DAVID S. LOUGHRAN JULIE ZISSIMOPOULOS

WR-482-1 March 2007 This paper series made possible by the NIA funded RAND Center for the Study of Aging (P30AG012815) and the NICHD funded RAND Population Research Center (R24HD050906).

Why Wait? The Effect of Marriage and Childbearing on the Wages of Men and Women

David S. Loughran* Julie Zissimopoulos RAND Corporation

1776 Main St. Santa Monica, CA 90407

March, 2008

Abstract We use data from the earlier and later cohorts of the NLSY to estimate the effect of marriage and childbearing on wages. Our estimates imply that marriage lowers female wages by between two and four percent in the year of marriage. Marriage also lowers the wage growth of men and women by about two and four percentage points, respectively. A first birth lowers female wages by between two and three percent, but has no effect on wage growth. Male wages are unaffected by childbearing.

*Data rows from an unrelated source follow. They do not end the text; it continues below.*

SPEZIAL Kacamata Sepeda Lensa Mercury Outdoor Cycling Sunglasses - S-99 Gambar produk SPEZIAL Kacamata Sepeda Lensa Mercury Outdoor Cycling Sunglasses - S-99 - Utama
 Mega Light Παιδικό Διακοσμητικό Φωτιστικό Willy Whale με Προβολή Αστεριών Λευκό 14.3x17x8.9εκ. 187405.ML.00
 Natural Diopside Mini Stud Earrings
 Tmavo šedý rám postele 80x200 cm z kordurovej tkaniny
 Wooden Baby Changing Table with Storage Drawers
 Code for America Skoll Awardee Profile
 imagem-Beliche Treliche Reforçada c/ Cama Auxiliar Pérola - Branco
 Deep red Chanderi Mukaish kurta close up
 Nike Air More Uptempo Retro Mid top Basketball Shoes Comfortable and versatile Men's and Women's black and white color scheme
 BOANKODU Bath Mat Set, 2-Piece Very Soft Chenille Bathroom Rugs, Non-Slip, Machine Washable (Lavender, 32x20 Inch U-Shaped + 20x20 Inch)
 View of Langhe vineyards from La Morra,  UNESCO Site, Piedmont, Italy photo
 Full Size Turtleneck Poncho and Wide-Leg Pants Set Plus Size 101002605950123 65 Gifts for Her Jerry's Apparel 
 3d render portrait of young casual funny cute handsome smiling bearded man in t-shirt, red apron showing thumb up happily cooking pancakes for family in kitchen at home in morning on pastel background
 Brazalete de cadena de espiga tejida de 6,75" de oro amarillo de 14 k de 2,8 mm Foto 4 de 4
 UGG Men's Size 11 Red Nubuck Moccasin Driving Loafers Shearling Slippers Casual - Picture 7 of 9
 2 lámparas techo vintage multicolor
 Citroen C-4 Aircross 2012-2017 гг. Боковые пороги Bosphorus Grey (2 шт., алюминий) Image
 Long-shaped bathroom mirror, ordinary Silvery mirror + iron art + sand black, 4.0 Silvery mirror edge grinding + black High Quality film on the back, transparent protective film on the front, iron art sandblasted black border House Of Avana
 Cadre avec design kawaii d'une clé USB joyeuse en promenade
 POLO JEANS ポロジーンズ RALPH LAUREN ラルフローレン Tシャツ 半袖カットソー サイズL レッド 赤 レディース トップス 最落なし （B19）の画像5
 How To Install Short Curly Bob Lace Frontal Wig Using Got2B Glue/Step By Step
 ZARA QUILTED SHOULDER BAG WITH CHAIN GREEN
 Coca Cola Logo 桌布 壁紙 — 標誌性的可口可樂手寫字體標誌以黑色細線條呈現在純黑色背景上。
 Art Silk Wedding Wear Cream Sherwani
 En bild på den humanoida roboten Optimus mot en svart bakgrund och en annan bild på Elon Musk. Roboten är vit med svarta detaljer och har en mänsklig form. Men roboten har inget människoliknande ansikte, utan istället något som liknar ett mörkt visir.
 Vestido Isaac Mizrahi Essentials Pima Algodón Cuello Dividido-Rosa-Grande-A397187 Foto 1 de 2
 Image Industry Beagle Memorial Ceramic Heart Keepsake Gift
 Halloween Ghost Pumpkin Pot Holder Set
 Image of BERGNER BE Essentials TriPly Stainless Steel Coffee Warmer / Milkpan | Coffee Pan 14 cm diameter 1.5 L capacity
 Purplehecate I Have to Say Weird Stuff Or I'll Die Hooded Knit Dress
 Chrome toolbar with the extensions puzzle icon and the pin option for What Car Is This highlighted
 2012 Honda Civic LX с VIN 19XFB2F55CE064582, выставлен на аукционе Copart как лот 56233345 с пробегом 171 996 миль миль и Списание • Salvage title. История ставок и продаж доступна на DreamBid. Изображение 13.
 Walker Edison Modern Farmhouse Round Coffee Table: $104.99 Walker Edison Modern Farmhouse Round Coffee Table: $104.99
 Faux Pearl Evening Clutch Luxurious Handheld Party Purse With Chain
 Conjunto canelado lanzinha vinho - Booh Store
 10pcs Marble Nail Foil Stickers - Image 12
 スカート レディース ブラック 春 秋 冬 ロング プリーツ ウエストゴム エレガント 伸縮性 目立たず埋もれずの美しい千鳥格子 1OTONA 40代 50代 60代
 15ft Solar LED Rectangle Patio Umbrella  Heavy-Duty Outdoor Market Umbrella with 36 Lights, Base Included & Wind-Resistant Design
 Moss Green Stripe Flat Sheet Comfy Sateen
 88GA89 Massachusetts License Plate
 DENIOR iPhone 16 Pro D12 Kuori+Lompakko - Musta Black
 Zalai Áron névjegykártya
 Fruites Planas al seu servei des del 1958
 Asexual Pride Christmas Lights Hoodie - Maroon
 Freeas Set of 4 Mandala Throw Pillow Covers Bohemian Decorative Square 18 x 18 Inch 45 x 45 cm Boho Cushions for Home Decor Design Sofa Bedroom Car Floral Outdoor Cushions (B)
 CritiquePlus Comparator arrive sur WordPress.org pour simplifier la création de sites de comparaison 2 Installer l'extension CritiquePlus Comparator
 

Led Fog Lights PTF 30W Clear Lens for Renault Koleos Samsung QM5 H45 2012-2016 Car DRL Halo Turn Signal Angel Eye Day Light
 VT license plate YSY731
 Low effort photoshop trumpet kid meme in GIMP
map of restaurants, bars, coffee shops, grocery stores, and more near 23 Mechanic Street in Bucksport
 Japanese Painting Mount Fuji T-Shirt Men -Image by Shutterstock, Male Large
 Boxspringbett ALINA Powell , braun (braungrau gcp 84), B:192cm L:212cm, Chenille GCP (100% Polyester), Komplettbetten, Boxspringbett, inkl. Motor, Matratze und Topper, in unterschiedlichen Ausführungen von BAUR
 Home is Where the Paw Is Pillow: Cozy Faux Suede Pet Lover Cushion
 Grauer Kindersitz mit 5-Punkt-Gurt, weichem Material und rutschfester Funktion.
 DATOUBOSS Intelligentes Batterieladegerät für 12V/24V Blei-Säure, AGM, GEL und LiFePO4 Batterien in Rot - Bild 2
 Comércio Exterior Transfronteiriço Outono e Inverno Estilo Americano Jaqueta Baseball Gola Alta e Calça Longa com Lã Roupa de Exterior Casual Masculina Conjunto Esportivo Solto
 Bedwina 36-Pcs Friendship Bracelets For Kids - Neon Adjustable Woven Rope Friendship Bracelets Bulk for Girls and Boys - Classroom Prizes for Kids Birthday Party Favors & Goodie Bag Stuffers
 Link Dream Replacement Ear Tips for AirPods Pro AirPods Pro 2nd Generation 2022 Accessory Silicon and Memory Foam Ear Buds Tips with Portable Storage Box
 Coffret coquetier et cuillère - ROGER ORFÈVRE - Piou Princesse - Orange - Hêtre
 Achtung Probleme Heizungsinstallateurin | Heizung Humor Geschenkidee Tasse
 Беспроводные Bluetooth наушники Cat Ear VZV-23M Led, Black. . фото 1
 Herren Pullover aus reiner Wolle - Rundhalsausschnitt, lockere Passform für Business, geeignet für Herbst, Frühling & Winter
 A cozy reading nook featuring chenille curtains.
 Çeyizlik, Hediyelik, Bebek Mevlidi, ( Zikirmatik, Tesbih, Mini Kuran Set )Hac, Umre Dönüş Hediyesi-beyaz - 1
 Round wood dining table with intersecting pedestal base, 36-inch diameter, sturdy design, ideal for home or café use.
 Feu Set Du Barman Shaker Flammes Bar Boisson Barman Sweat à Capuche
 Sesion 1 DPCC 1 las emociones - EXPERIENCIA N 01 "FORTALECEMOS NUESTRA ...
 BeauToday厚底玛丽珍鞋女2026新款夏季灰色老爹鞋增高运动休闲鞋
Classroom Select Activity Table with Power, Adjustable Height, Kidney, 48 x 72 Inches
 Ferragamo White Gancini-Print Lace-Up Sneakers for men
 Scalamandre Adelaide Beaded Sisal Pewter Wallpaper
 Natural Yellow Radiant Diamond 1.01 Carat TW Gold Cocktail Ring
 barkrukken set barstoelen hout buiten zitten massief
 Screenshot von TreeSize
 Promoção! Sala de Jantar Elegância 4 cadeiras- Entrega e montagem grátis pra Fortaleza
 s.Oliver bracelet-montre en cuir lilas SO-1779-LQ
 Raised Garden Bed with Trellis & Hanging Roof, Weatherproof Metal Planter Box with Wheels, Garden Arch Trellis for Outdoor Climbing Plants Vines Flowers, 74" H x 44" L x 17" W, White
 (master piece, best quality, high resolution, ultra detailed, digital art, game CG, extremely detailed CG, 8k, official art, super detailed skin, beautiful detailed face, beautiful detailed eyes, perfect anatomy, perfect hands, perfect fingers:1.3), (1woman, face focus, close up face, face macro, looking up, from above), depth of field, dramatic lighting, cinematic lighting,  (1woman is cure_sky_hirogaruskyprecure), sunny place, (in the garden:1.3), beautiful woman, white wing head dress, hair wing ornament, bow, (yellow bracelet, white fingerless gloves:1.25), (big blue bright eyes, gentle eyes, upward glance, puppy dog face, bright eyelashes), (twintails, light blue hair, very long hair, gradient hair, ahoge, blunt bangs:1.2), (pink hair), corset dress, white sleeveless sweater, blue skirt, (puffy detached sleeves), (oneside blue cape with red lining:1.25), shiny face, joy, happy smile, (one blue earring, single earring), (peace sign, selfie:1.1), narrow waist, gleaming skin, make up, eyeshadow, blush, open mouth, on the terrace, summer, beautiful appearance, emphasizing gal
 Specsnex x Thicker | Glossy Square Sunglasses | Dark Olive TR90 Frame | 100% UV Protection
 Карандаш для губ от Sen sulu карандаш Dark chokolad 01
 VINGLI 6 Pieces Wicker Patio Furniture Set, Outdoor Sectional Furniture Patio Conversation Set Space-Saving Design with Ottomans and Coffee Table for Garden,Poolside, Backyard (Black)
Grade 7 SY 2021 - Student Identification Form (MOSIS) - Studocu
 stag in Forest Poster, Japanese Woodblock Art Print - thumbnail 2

These findings suggest that early marriage and childbearing can lead to substantial decreases in lifetime earnings.

* Corresponding author (loughran@). The authors gratefully acknowledge financial support for this research from the National Institute for Child Health and Human Development under Grant No. 5R03HD40853-02.

I. Introduction

Age-specific marital and birth rates have fallen sharply in the United States since the mid-1960s. The decline in these age-specific rates is attributable both to a delay in marriage and childbearing and to a reduction in the fraction of individuals who are ever likely to marry or have children. Among women aged 25-29, for example, the percentage ever married decreased from 85 to 62 percent between 1976 and 2004 and the percentage with one or more live births decreased from 69 to 56 percent.1 The decline in marriage and childbearing is less pronounced at ages 40-44, but still significantthe percentage of women ever married fell from 96 to 90 percent between 1976 and 2004 and the percentage of women with one or more live births fell from 90 to 81 percent.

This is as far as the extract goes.